## WHAT TO WORK ON:
The expected output is each line in the data below that includes the string "images".

START SUPPLIED DATA

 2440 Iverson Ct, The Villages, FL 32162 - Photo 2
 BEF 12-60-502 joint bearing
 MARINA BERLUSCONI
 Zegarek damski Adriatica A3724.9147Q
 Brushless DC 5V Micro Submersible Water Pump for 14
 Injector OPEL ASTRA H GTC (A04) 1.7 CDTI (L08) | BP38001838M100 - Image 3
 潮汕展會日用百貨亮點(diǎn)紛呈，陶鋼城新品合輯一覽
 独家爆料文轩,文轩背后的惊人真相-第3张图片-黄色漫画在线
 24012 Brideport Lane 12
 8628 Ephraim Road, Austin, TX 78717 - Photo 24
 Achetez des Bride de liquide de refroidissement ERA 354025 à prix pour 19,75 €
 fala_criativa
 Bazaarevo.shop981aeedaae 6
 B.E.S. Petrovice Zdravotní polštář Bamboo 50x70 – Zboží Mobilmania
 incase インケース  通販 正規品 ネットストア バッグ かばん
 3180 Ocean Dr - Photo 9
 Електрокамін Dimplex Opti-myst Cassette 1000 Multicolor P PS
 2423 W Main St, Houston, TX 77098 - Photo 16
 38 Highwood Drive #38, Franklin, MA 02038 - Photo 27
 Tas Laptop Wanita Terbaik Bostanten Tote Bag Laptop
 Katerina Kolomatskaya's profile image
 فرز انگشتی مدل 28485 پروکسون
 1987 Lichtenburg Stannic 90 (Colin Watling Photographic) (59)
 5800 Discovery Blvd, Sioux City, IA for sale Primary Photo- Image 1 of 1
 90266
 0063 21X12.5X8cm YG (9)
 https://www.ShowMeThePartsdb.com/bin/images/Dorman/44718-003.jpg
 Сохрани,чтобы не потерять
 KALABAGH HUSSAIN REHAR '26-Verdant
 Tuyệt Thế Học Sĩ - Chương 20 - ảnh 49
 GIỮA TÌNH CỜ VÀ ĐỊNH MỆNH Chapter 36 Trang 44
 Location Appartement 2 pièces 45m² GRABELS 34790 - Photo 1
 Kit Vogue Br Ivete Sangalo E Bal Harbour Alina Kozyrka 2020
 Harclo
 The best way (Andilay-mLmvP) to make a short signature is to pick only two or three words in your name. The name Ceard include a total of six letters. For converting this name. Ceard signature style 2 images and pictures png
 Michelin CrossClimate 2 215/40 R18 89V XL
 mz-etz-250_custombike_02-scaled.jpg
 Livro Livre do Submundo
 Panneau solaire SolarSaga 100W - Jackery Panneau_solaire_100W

END SUPPLIED DATA

## TASK SOLUTION:
 https://www.ShowMeThePartsdb.com/bin/images/Dorman/44718-003.jpg
 The best way (Andilay-mLmvP) to make a short signature is to pick only two or three words in your name. The name Ceard include a total of six letters. For converting this name. Ceard signature style 2 images and pictures png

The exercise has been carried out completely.